Another repeat is an introduction to the film from 2003 by Bogdanovich, which also has appeared on several DVDs,  and is shorter than the commentary track but still reiterates a few of the stories he tells there.

 

Then there is a healthy audio excerpt from a 1983 interview with Polly Platt at the American Film Institute, another informative chat  by this fascinating but over-shadowed figure, who not only tells different stories about how Targets came to be, and how it was filmed, in only 18 days, which brings a gasp from the listeners, but is also unappreciated for her contributions to cinema history, among other things, while working on several James Brooks films, and also bringing Brooks together with Matt Groening, which led to the creation of the TV show The Simpsons.

 

Finally, there is an insert with an essay by the prolific Adam Nayman and excerpts from an interview with Bogdanovich from Eric Sherman and Martin Rubin’s 1969 book The Director’s Event: Interviews with Five American Film-Makers, published more or less contemporary with Targets.

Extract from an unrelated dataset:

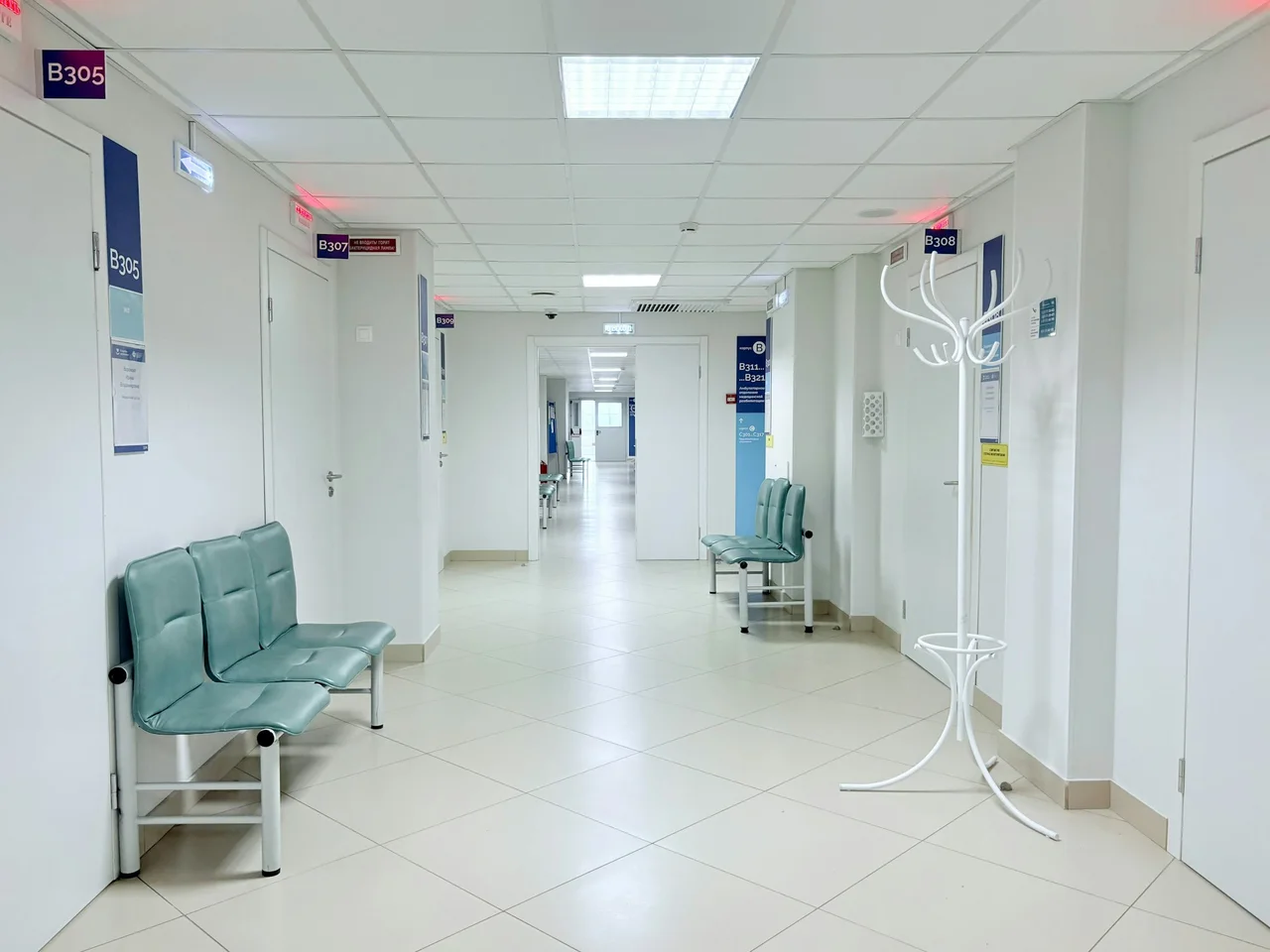 Pasillo y área de espera de un centro de salud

Targets is well worth seeing and thinking about, holds up remarkably well, was under-appreciated in its day, and challenges the viewer in the ways of horror that are much more horrific than your average thriller. As Richard Linklater points out, we don’t like to think about the nature of evil in ordinary seeming people, and we don't seem to want our movies to be real. TV, maybe yes, with all of its true crime accounts, and semi documentary series, but not movies with their cartoon special effects violence.